Artikel dan Tips - Image Bali Arsitek & Kontraktor
Artikel dan Tips - Image Bali Arsitek & Kontraktor

Ide Menarik Membuat Desain Atap Lengkung

Ide Menarik Membuat Desain Atap Lengkung
Atap merupakan element yang sedikit banyak juga punya pengaruh terhadap kesempurnaan dan keindahan tampilan suatu bangunan, apalagi jika bangunan tersebut merupakan rumah hunian yang dijadikan sebagai tempat tinggal. Karena itu desainnya harus dibuat dengan perhitungan yang cermat agar dapat menyatu dengan bentuk bangunan.

Berikut ini ada satu contoh ide menarik membuat desain atap lengkung yang arahnya menuju ke bawah dan belakang, mengikuti bentuk bangunan. Pada bagian muka, dinding bangunan punya ukuran yang lebih tinggi. Namun makin ke belakang, ukurannya menjadi semakin lebih rendah. Garis pada bagian atas dinding tersebut tidak dibuat lurus, namun membentuk garis gelombang yang menjadikan tampilan atap secara otomatis harus mengikutinya.

Selain membuat tampilannya terlihat sangat indah dan mewah, bentuk atap seperti ini bisa memberi keuntungan yang lain. Yaitu ketika hujan sedang turun air yang jatuh bisa langsung mengalir tanpa ada hambatan sama sekali. Jadi resiko terjadinya kebocoran bisa diminimalkan bahkan dihilangkan sama sekali.

Karena bentuknya tidak biasa, maka genting yang digunakan juga harus menggunakan bahan khusus.
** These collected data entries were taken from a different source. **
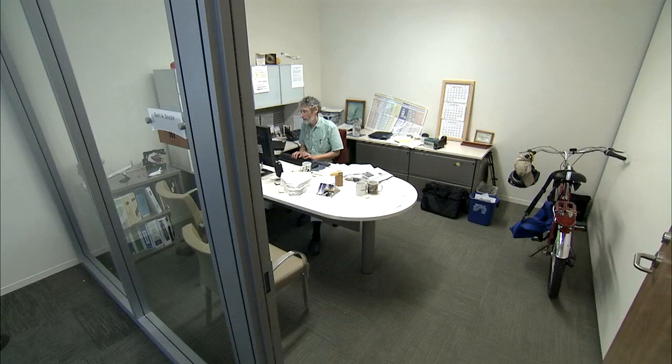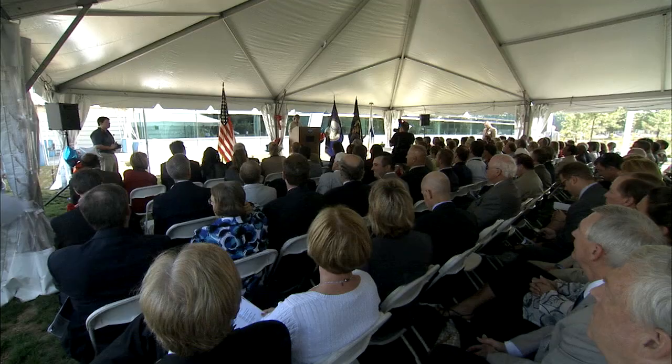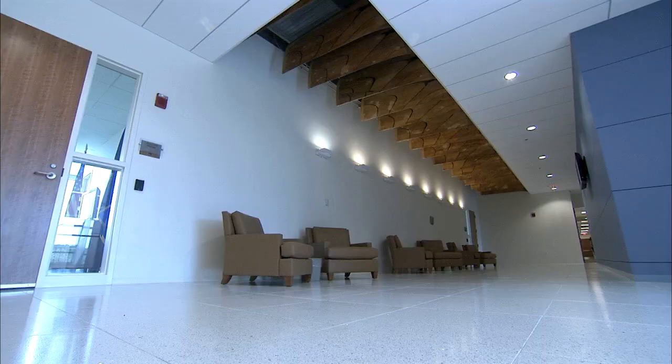It covers 79,000 square feet and houses more than 250 employees from six different center organizations. Today's ceremony and the building behind me dramatically signify a new Langley and the completion of the first element in our revitalization plan.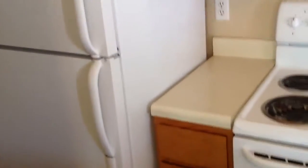Couch looks okay. Cabinets look normal. Fridge looks fine, it's clean.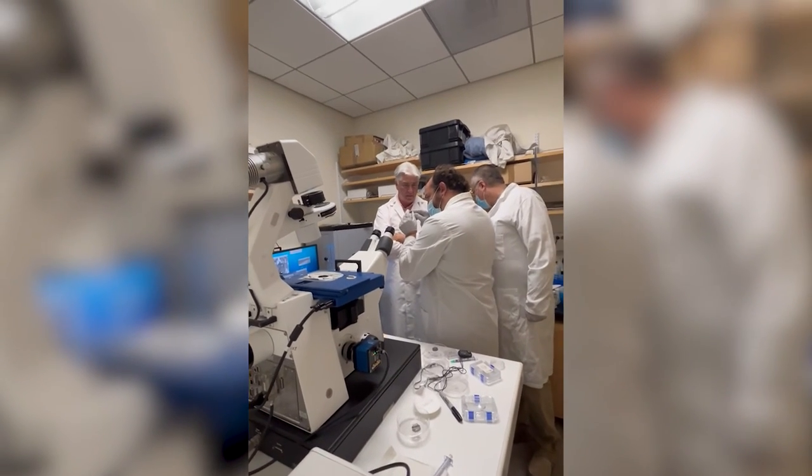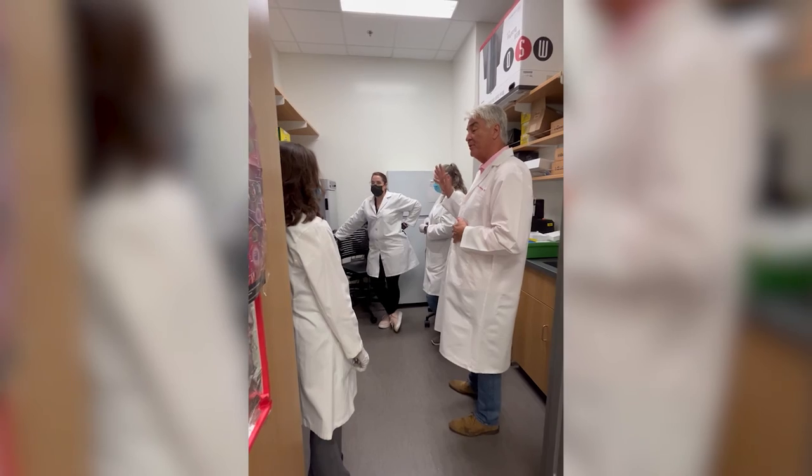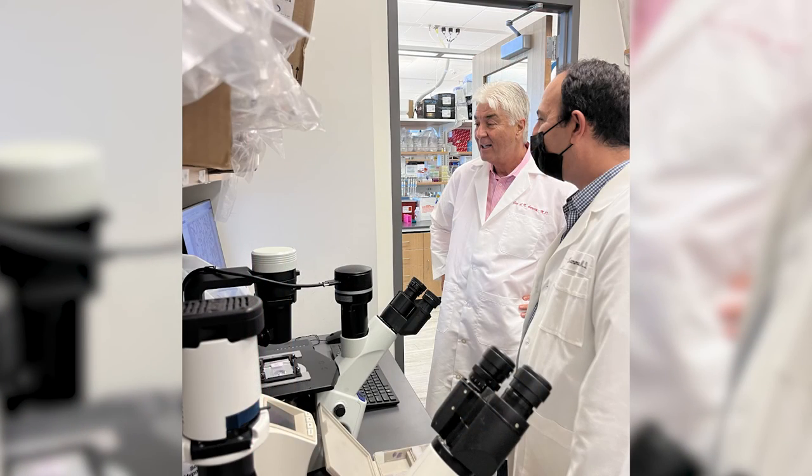The holy grail for a physician-scientist is to identify something in the lab that can actually reduce human suffering. We are very much on that journey right now, and before I hang up my cleats I'm going to find something that moves the needle on ARDS mortality. I believe ALT100 will have worldwide application across many severe inflammatory diseases that currently don't have great treatments.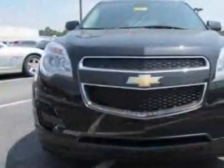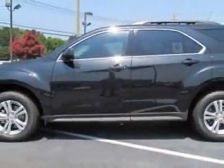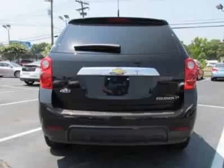This vehicle gets an estimated 22 miles per gallon in the city and an estimated 32 on the highway. This Equinox boasts a 2.4-liter engine and has a 6-speed automatic transmission.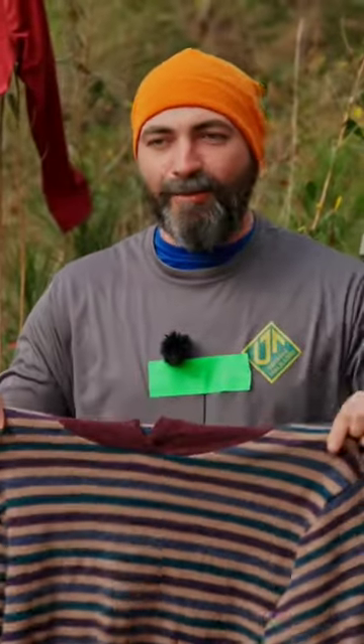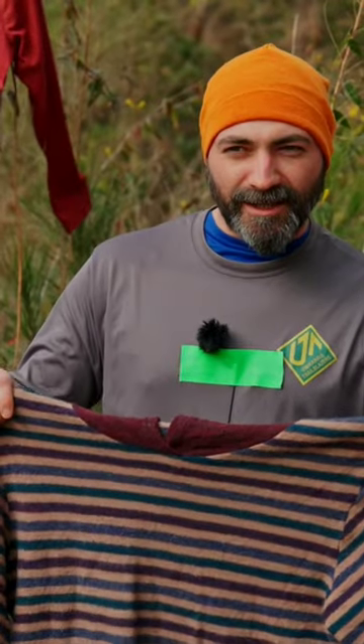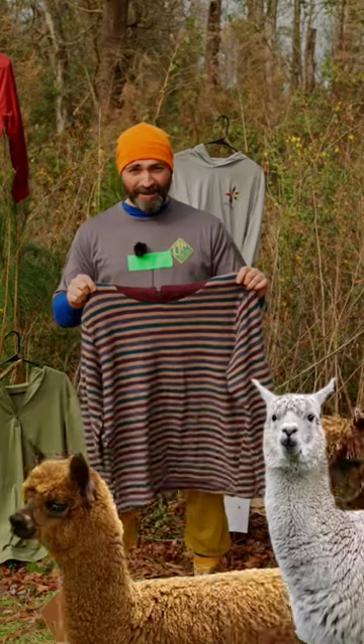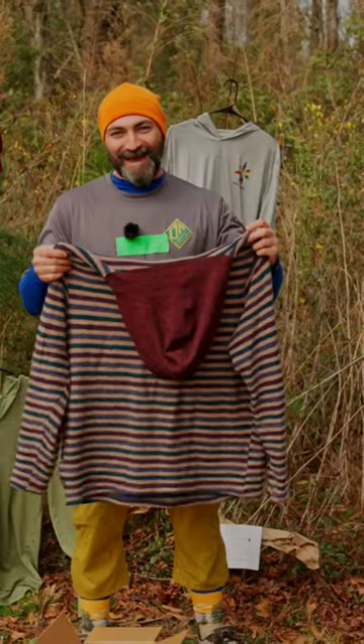This is made out of 100% alpaca that was morally, ethically, and justifiably imported from Peru. I don't know how many alpacas they had to kill to make one of these, but it's worth it. So yeah, this is 100% alpaca.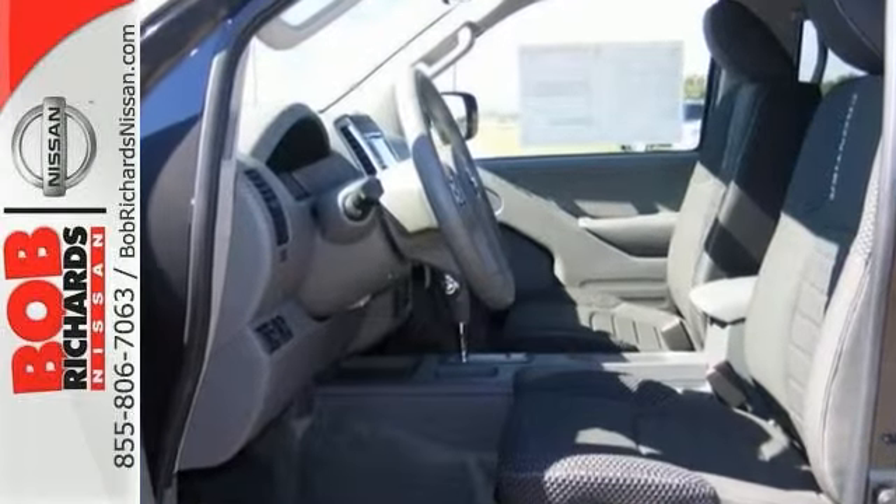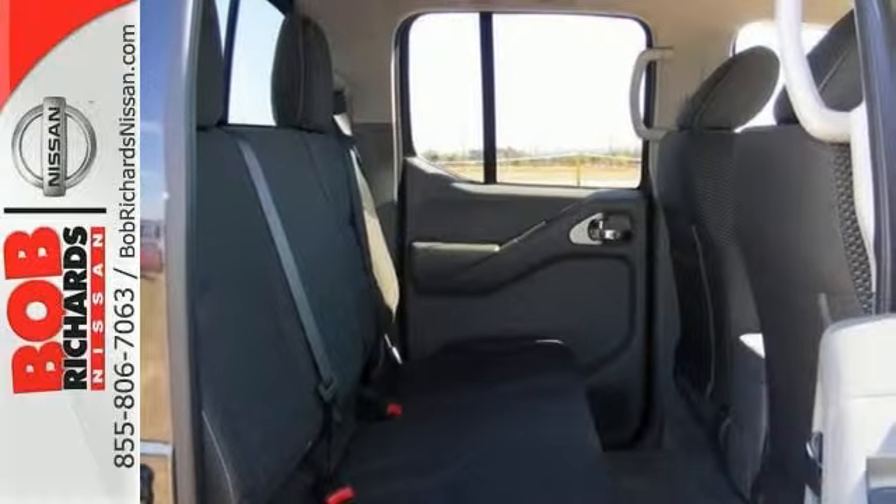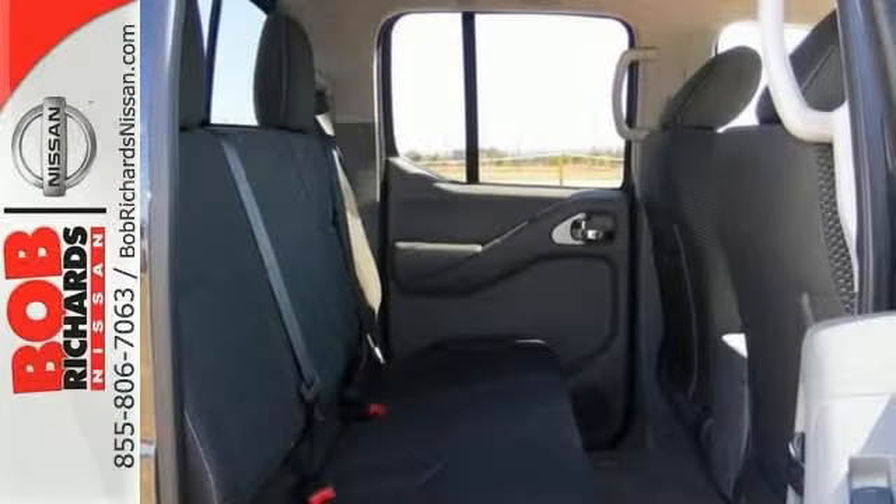This is about the time when you're saying it's too good to be true. But let us be the ones to tell you it is true. Come see it for yourself today.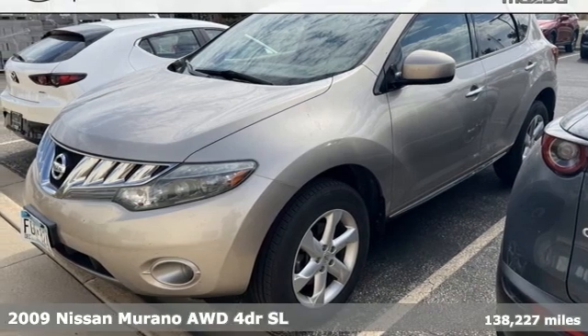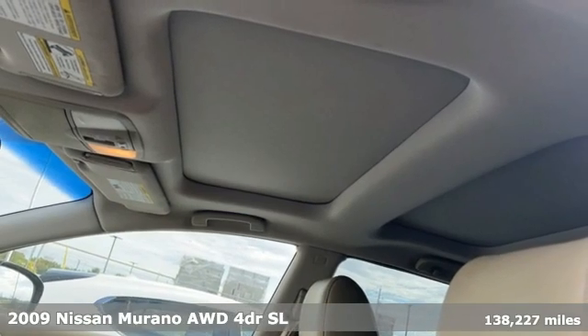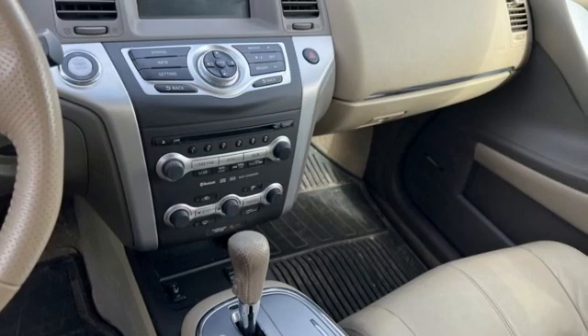Here's a 2009 Nissan Murano. This crossover has a sleek design, comfortable interior, and plenty of power, so you can be more than just a driver. You can be a host.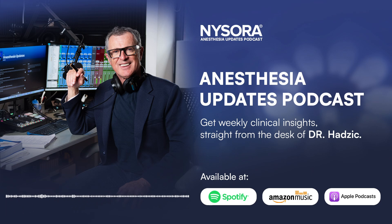Updates in Anesthesiology, brought to you by NYSORA.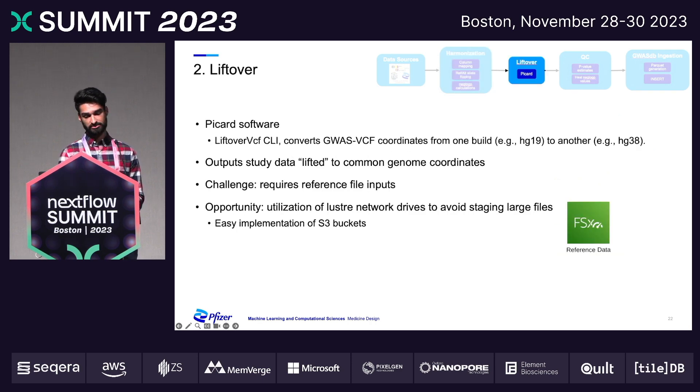If necessary, the next step is to lift over the files. We're utilizing the Picard software from the Broad Institute. Essentially what this does is lift coordinates from one human reference build to another. We are targeting HG38 to ensure that all studies in our database are mapped to a common set of human coordinates. One of the challenges with this process is that it requires large reference input files.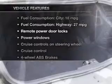Power and reliability are a great combination — this vehicle has both. Plus, enjoy these notable features included in this vehicle: power door locks, power windows, cruise control, and AM-FM stereo with a CD player.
Untuk kerangka penahan beban bisa menggunakan bahan dari kayu. Jika ingin kualitas dan daya tahan yang lebih bagus dan kuat, kayu tersebut bisa diganti dengan besi baja yang ringan atau bisa juga menggunakan cor beton dari tulang besi yang dilapisi dengan adonan semen, pasir dan batu kerikil.

Sebaiknya pemasangan kerangka ini disusun secara melintang dengan tujuan agar atap yang dipasang bisa lebih mudah mengikuti bentuk lengkungan pada garis dinding. Selain itu dengan menggunakan konsep penyusunan seperti ini kerangka tersebut bisa lebih kuat menahan beban karena bentuknya tidak ikut melengkung namun tetap lurus.

Selain itu jika disusun secara horizontal. Maka kerangka yang dibuat harus menggunakan beberapa sambungan. Terutama sekali jika menggunakan bahan dari besi baja atau kayu. Hal ini akan memberi efek terhadap daya tahan yang tidak kuat dibanding dengan kerangka yang tidak menggunakan sambungan. Sedangkan jika menggunakan bahan dari cor beton, akan butuh waktu yang lama karena untuk membuat tulang kerangka yang bentuknya melengkung memerlukan teknik tersendiri dan ketelitian yang lebih rumit.

Yang tidak boleh dilupakan, sebelum pemasangan kerangka dilakukan, harus dibuatkan pondasi yang diletakan di atas dinding. Jadi kerangka tersebut tidak menempel secara langsung di sepanjang garis tembok. Tujuannya adalah agar kerangka punya daya tahan yang lebih kuat dan lentur dalam menahan beban. Pondasi ini sebaiknya menggunakan bahan yang sama dengan yang digunakan untuk membuat kerangka.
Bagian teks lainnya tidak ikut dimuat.